(Recorded data)

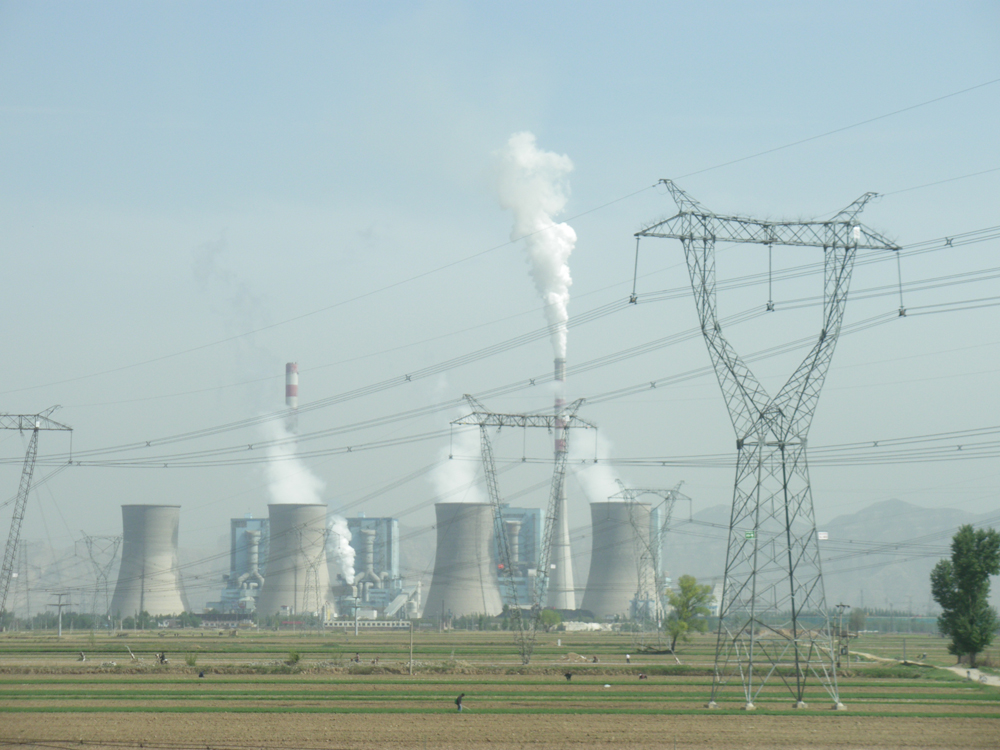 A distant view of a coal-fired power plant with clearly visible cooling towers generating electric power and emitting a large amount of gases.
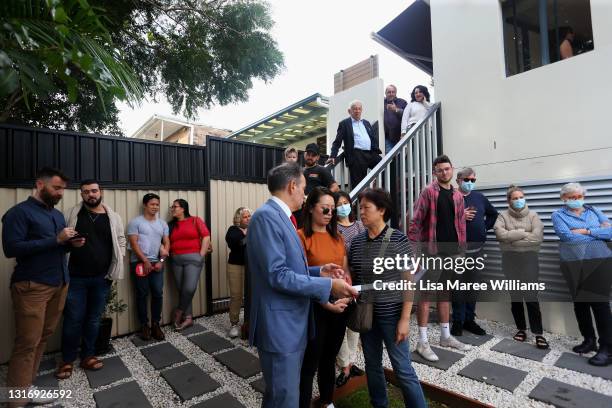 Prospective buyers attend an auction of a residential property in Hurlstone Park on May 08, 2021 in Sydney, Australia. Property prices continue to...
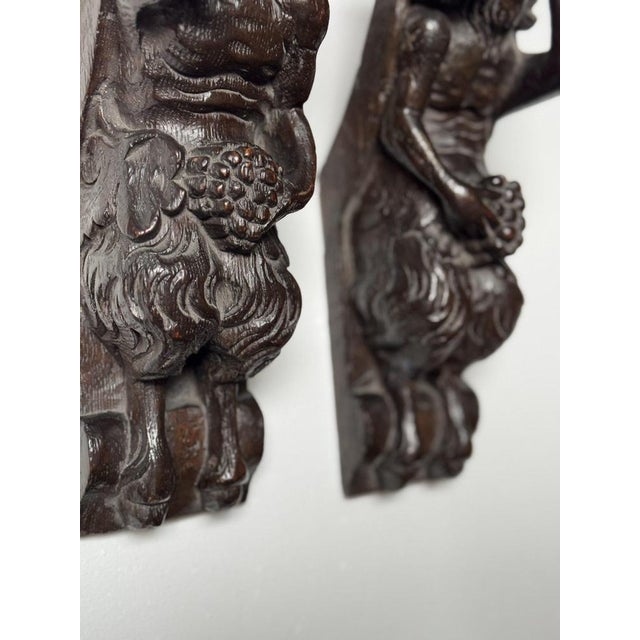 2 Hand-carved wooden statues / wall ornaments from Satyr. 17th or 18th century. Country of origin unknown. In Greek...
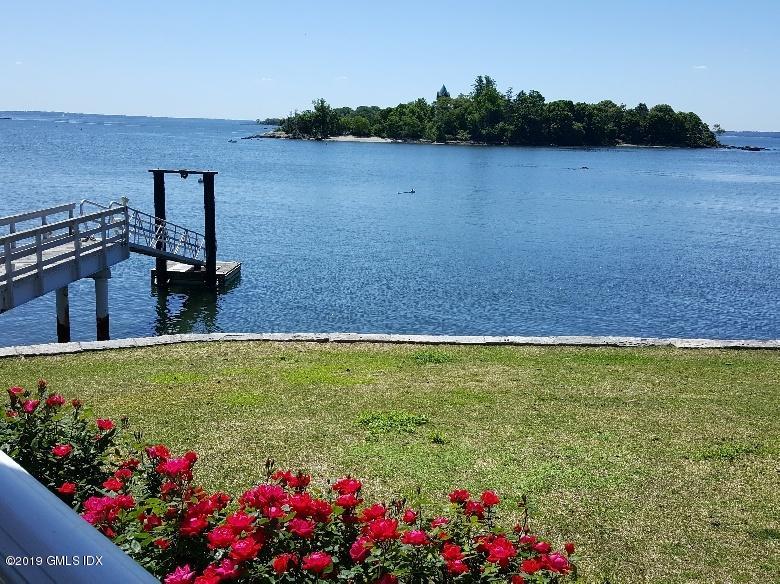 35 Byram Shore Road Greenwich, CT 06830 - Photo 28 of 32 a view of a lake and a garden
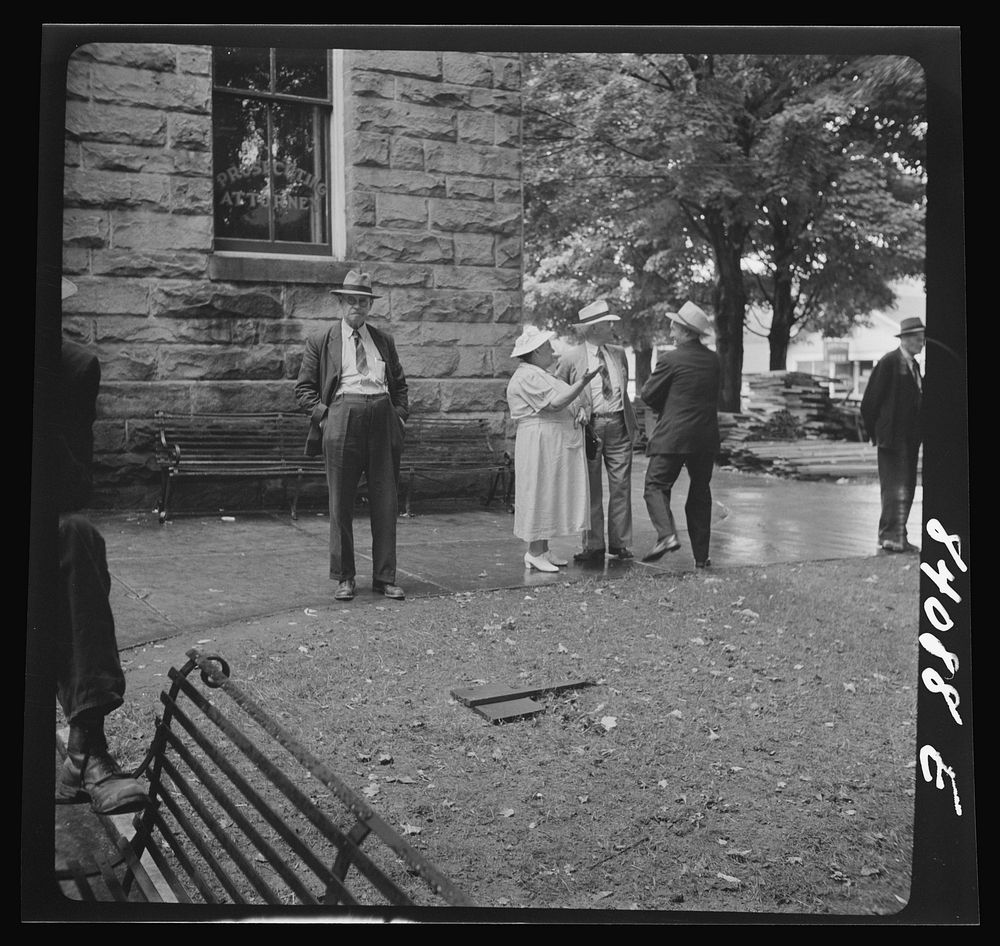 Summersville, West Virginia. Gossiping in the courthouse square. Sourced from the Library of Congress.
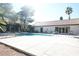 Community pool with lounge chairs and clear blue water for relaxing on a hot day at 2606 S Durango Dr # 264, Las Vegas, NV 89117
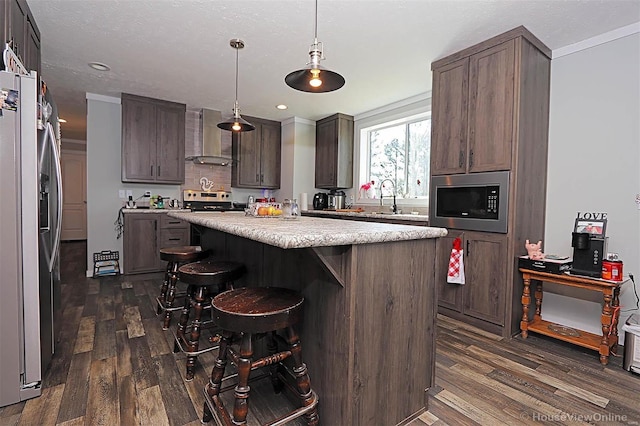 kitchen with pendant lighting, light countertops, appliances with stainless steel finishes, a kitchen island, and wall chimney exhaust hood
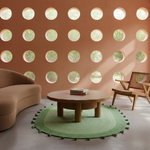 A modern living room scene with a round wooden coffee table centered on a green circular rug, a curved tan sofa on the left, and a wooden armchair on the right. The background features a terracotta-colored wall with evenly spaced circular cutouts showing outdoor greenery.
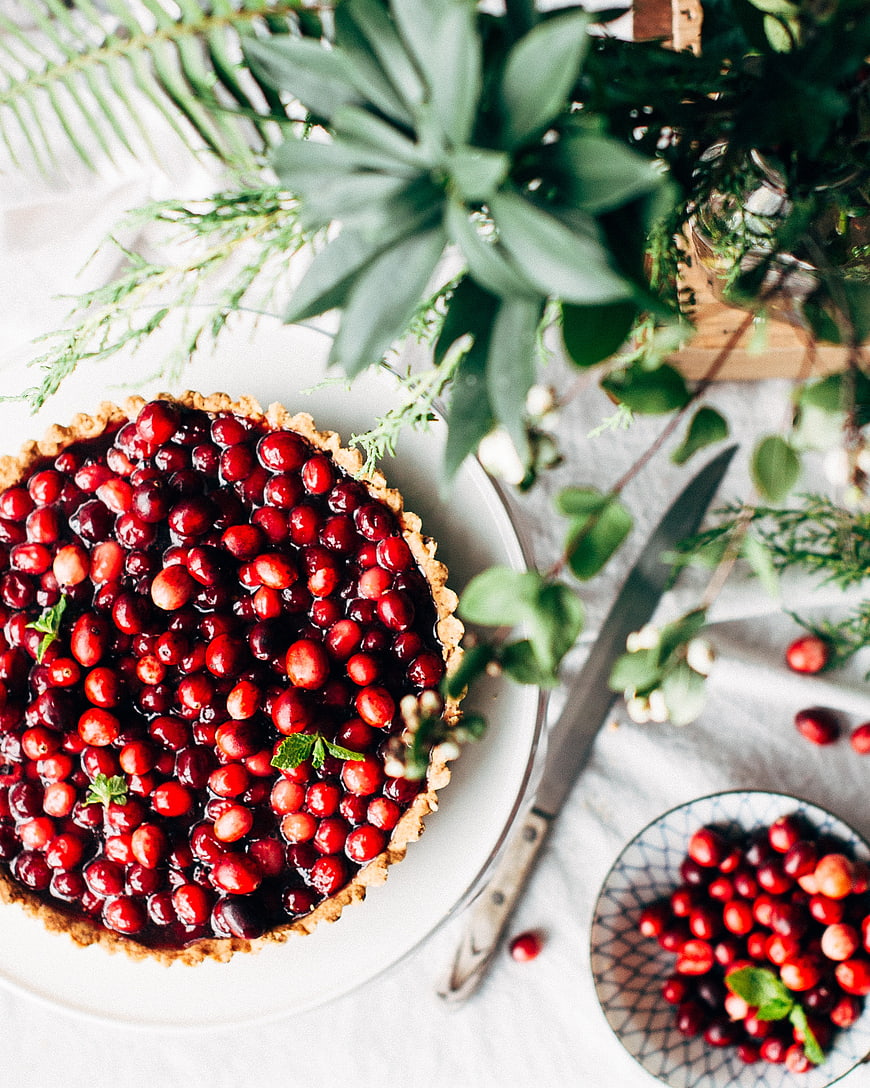 Overhead view of cranberry tart with fresh berries and greenery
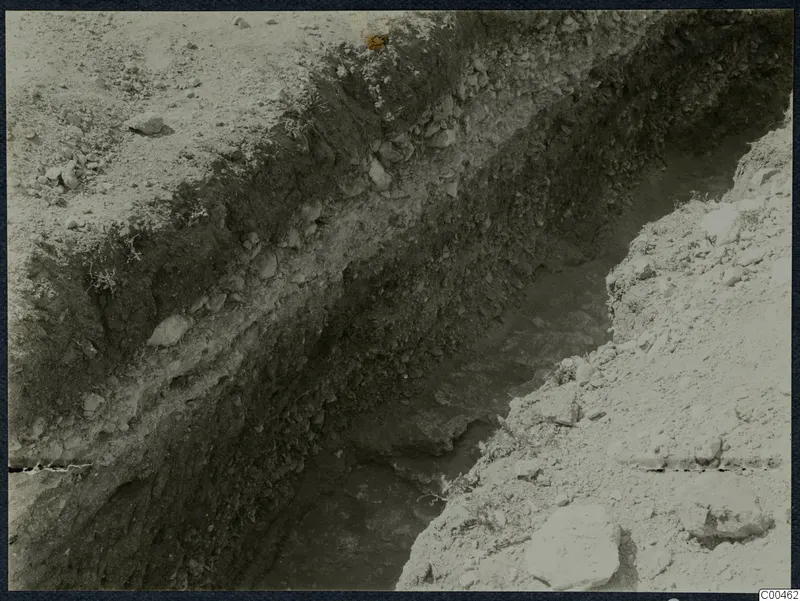 Excavation trench at Soli showing layered dark soil and stones in its sides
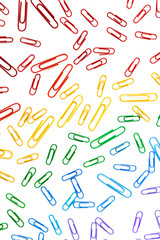 Fototapeta na wymiar Background of paperclips in rainbow colors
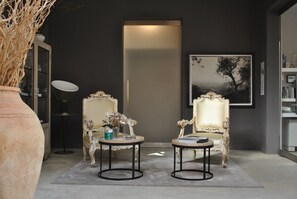 A room with two ornate chairs, a round table, a large vase, and a framed picture on the wall.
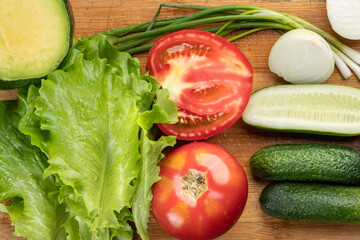 Healthy food. Flatlay lay view of fresh sliced vegetables on cutting board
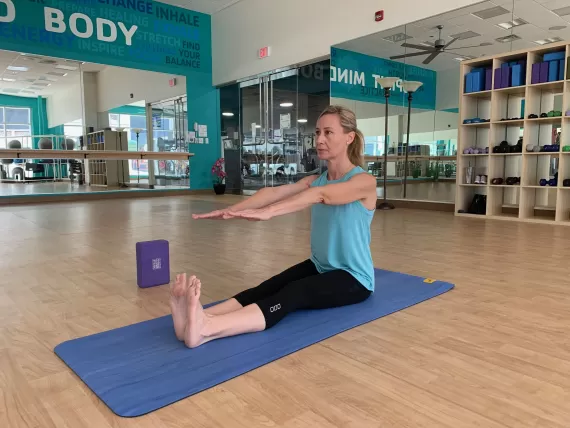 a woman doing a seated forward bend in yoga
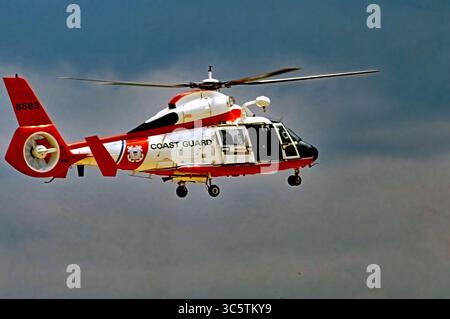 20 mai 1989, Camp Springs, Maryland, États-Unis : Camp Springs Maryland, États-Unis, 20 mai 1989.Un hélicoptère MH-65 Dauphin Short Range Recovery de la Garde côtière américaine passe en mode stationnaire tandis que le nageur de sauvetage à l'arrière se prépare à déployer le harnais de levage dans le cadre d'une démonstration des capacités de l'hélicoptère fabriqué par Airbus que la Garde côtière utilise pour diverses missions, y compris maintenant armé d'une version mitrailleuse (MH-65Cs) pour protéger le Capitole américain. (Crédit image : © Mark Reinstein/ZUMA Wire) Banque D'Images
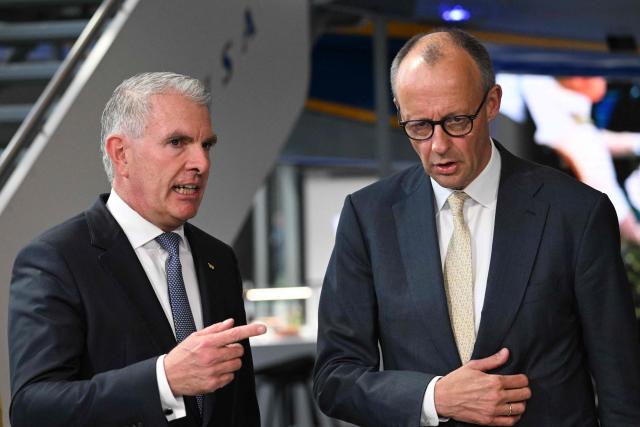 German Chancellor Friedrich Merz (R) talk to Lufthansa CEO Carsten Spohr during a ceremony to celebrate the 100th anniversary of the founding of the first Lufthansa at Lufthansa Group Hangar One, Frankfurt Aiport, in Frankfurt am Main, western Germany on April 15, 2026. In 1926, the "Deutsche Luft Hansa Aktiengesellschaft" (renamed "Lufthansa" in 1933), was formed from a merger between "Deutsche Aero Lloyd" (DAL) and "Junkers Luftverkehr". (Photo by Kirill KUDRYAVTSEV / AFP)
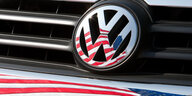 Auf einer Kühlerhaube prangt ein VW-Symbol, in dem sich die USA-Fahne spiegelt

(End Recorded data)

**Problem:** Each line above starting at the one holding "Healthy food. Flatlay" and ending at the one holding "a woman doing a seated forward bend in yoga" should be set down exactly as it stands, both ends included, with no pictures.

**The answer:**
 Healthy food. Flatlay lay view of fresh sliced vegetables on cutting board
 a woman doing a seated forward bend in yoga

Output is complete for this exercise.